● **What the task asks**: Nothing but the lines below from the one with "Ernie Emerson Custom & Old-School CQC-9" through the one with "Émile Nelligan : Vieux" should be output, each exactly as given, and no pictures.

● **Excerpted data**:
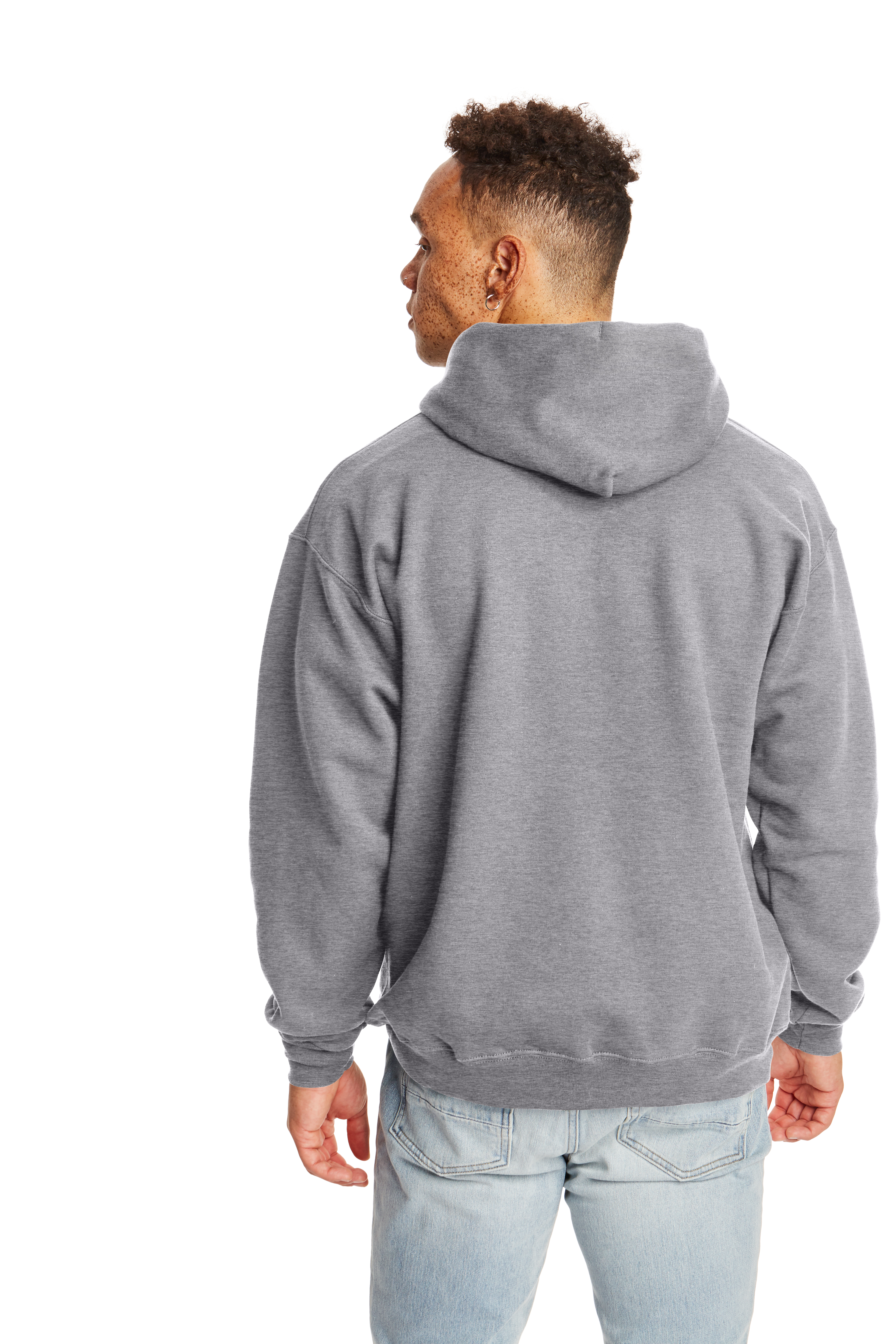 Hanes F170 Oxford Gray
==
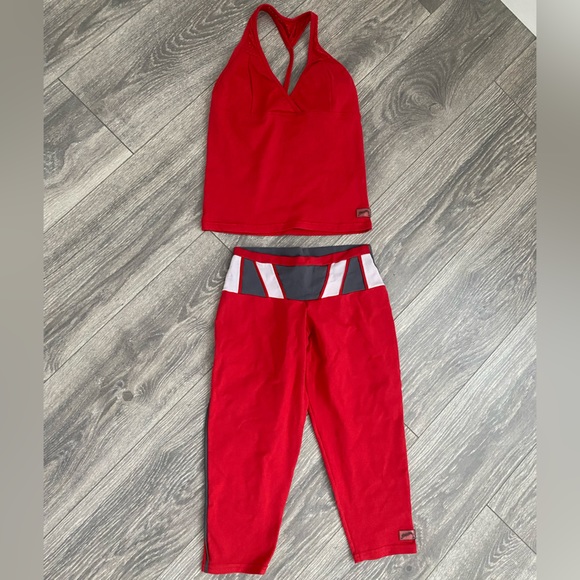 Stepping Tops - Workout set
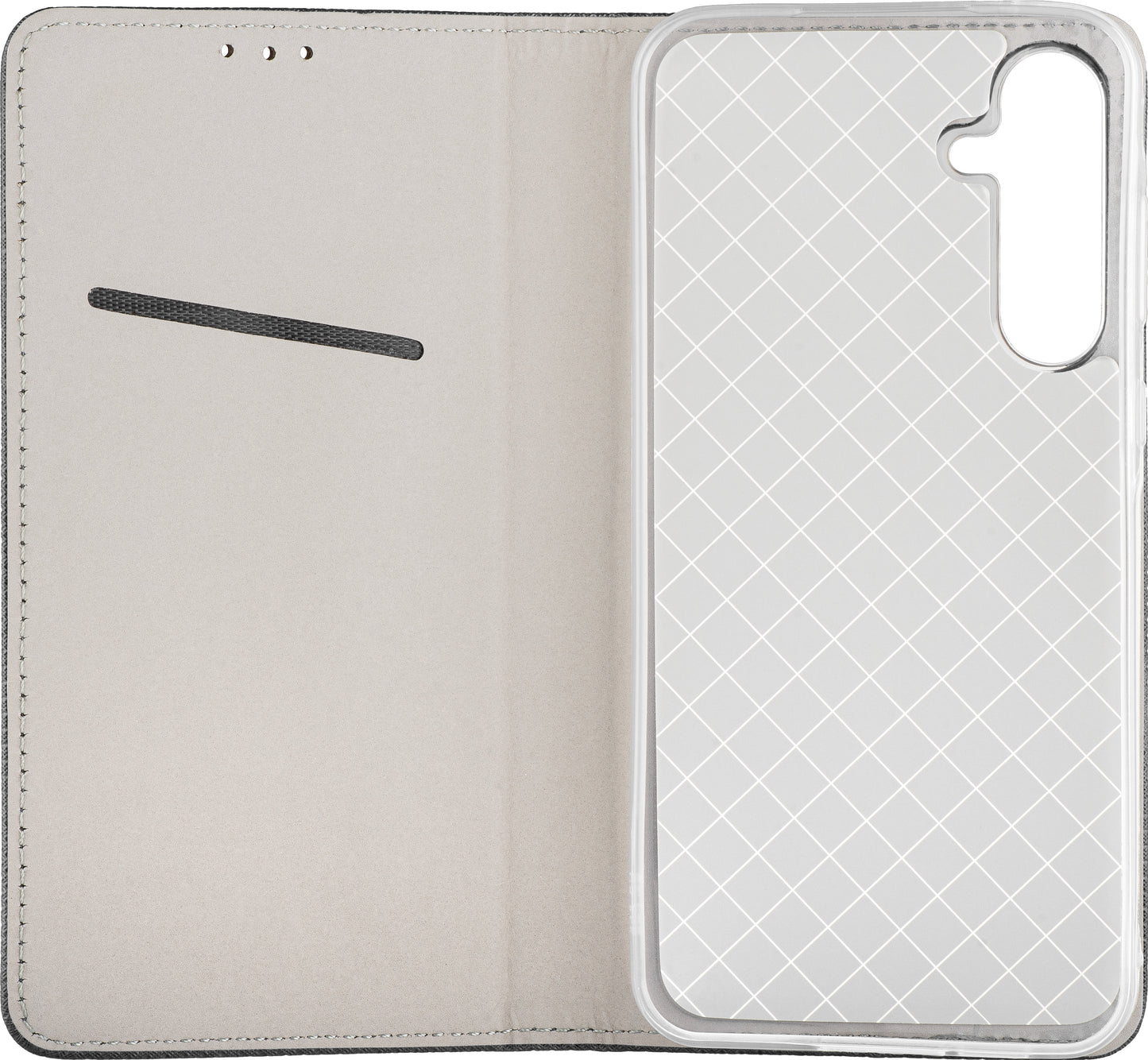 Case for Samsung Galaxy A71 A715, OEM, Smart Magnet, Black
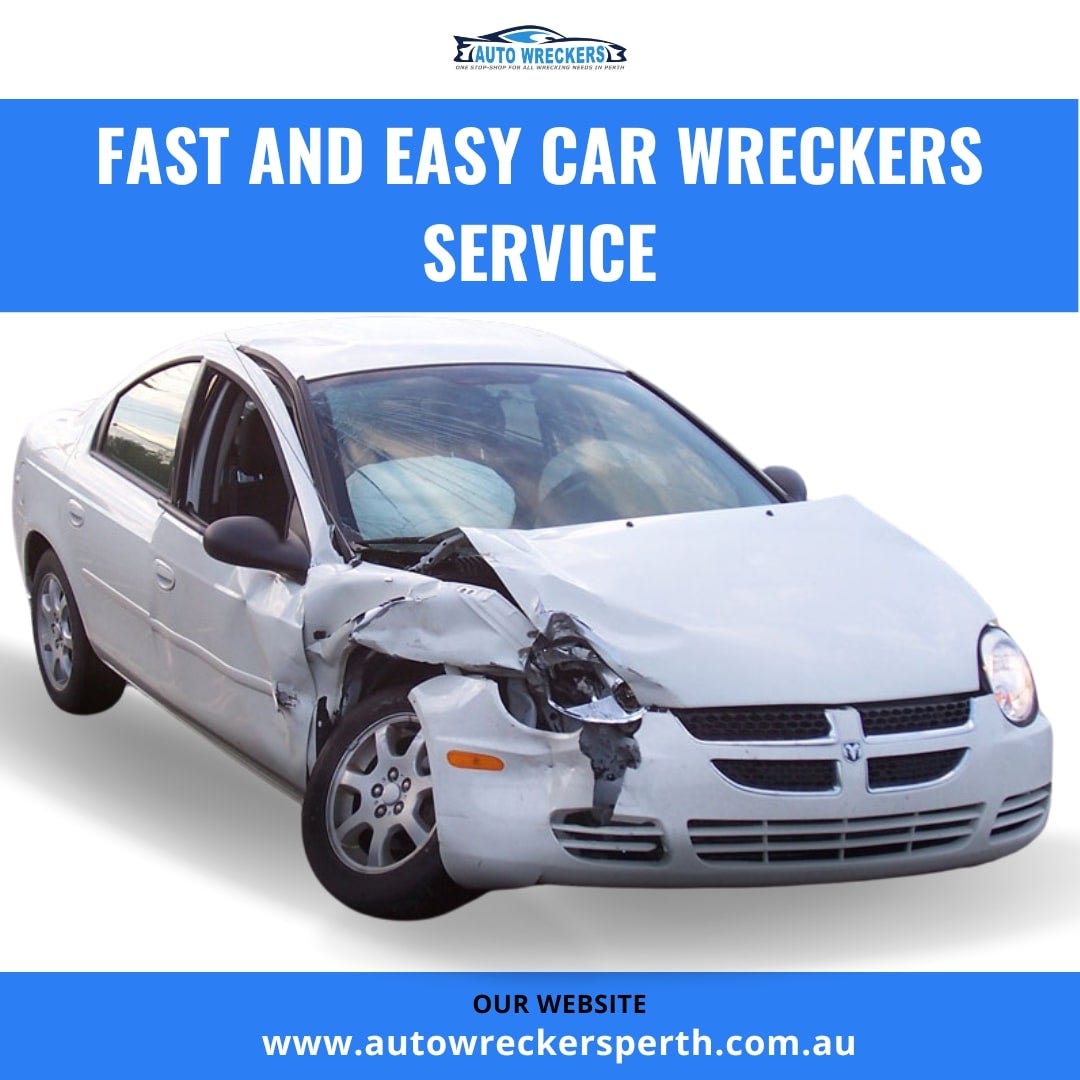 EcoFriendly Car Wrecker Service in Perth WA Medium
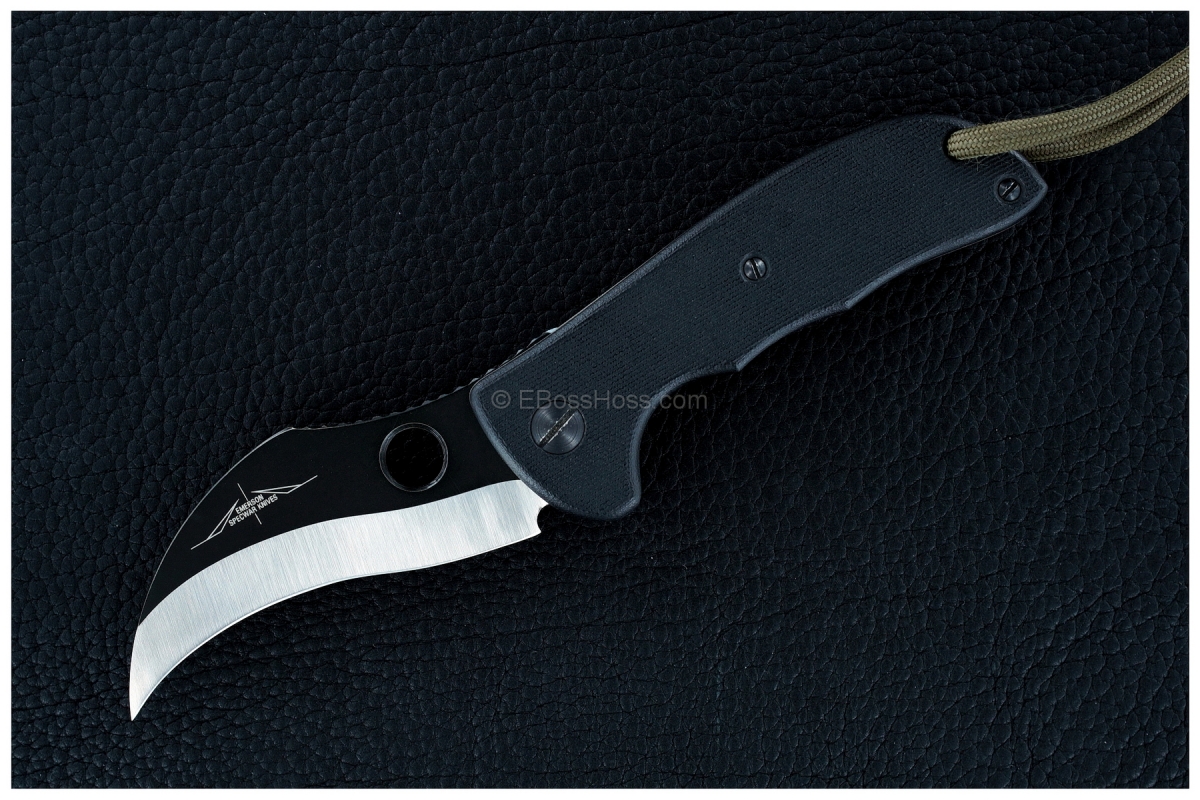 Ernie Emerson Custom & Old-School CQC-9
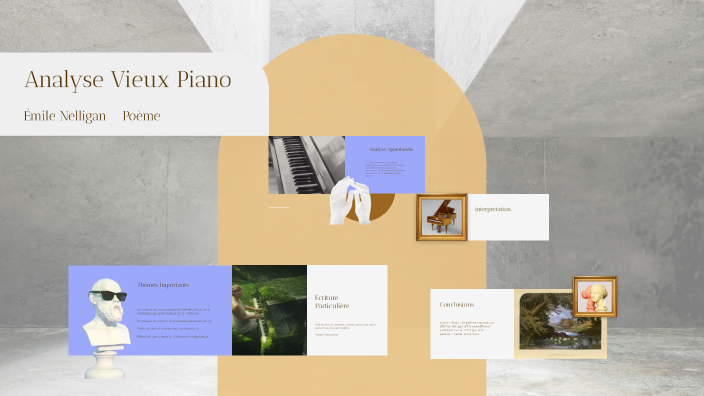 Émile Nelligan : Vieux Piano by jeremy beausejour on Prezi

● **Solution**:
 Ernie Emerson Custom & Old-School CQC-9
 Émile Nelligan : Vieux Piano by jeremy beausejour on Prezi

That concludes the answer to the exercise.